Schwarz far di Ojgn - Schwarz vor den Augen

NU - Ausgabe Nr. 37 (3/2009)
Von Erwin Javor

Wie ich schon das letzte Mal in dieser Kolumne bemerkte, Jiddisch ist eine bildliche Sprache.

Stellen Sie sich jemanden vor, der sich plagt und plagt und trotzdem wirtschaftlich erfolglos bleibt, einen, der scheinbar ständig irgendetwas falsch macht, sich selbst im Weg steht und seinen Erfolg verhindert. Wenn sich zwei des Jiddischen mächtigen Freunde über ihn unterhalten würden, bedürfte es nicht so vieler Worte, um diesen Menschen zu erklären. Die lakonische Anmerkung „er tappt nebbach a Wand“ wäre völlig ausreichend. („Er tappt mit den Händen im Finstern an einer Wand entlang, weil er keine Lichtquelle findet, die ihm den Ausweg zeigt.“). Das funktioniert natürlich nur, wenn sie dabei die Schultern zucken, und zwar auf eine ganz bestimmte Art, meistens etwas träge nur eine der Schultern hebend, die Mundwinkel verächtlich nach unten richten, die Augen, wenn’s geht nur das linke, seufzend geschlossen halten, die Handflächen leicht mitleidig nach oben drehen und die Daumen etwa 45 Grad strecken und zwar ebenfalls nach oben. Alles klar?

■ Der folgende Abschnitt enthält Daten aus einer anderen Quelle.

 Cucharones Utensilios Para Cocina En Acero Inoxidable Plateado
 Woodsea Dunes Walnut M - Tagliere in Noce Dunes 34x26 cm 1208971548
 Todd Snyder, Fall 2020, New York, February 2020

Apropos finster: Wurde ein Jude überrascht, erschrocken oder schockiert, könnte es gut sein, dass er die Auswirkungen der Geschehnisse mitteilt, indem er sagt: „Es is mir geworn schwarz far di Ojgn!“ („Ich bin vor lauter Überraschung/Schreck/ Schock beinahe ohnmächtig geworden!“) Das sagt er natürlich auch nicht ohne passende Gestik, Mimik und Dramatik, womit auch jeder zufällig anwesende Taubstumme ebenfalls ausreichend informiert wäre.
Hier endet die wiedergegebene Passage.